China’s manufacturing activity improved marginally in March from the previous month, but analysts say the world’s second biggest economy remains weak.
The official purchasing managers index (PMI) was 50.3 in March, the National Bureau of Statistics said in a statement on Tuesday, up from 50.2 in February, which was an eight-month low.
The index tracks manufacturing activity in China’s factories and workshops and is a closely watched indicator of the health of the economy.
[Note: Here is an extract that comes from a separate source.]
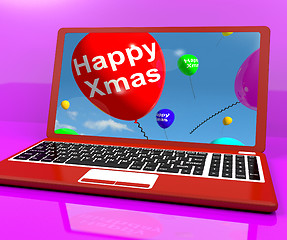 Image showing Red Balloons With Happy Xmas On Computer For Online Greetings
A reading above 50 indicates growth.
“The PMI index rose slightly in March and ended the trend of falling for three consecutive months…. It still indicates economic growth will stabilise in the future,” the statement quoted Zhang Liqun, an economist at the state-backed Development Research Centre, as saying.
The market had expected PMI to remain unchanged in March at 50.2, according to a poll of economists by Dow Jones Newswires.
A preliminary estimate by British bank HSBC, which gives greater weight to smaller companies, put China’s PMI at a weaker 48.1 in March.
Analysts largely expect the government to take steps to boost the economy, though most have ruled out a huge stimulus package, instead expecting moves such as a cut in the amount of funds banks must place in reserve with the central bank.
“The rebound this time reflects the economy remained weak, but it’s slightly better than market expectations,” said Zhou Hao, a Shanghai-based economist with ANZ bank.
“I expect the government to be more active… arranging fiscal expenditure in advance for some lagging projects,” he said.
Last month, Chinese Premier Li Keqiang set the nation’s annual growth target at “around” 7.5 per cent, the same level as the goal for last year.
China’s economy actually grew an annual 7.7 per cent in 2013, the same as in 2012 – which was the slowest since 1999.
The official Xinhua news agency on Monday quoted Chinese analysts as saying economic stimulus was unlikely.
“With further shrinkage in China’s growth on the cards in Q1 (the first quarter), reform will be used to fend off economic slowdown rather than an economic stimulus,” it said in an analysis.
China is due to release figures for first quarter gross domestic product on April 16.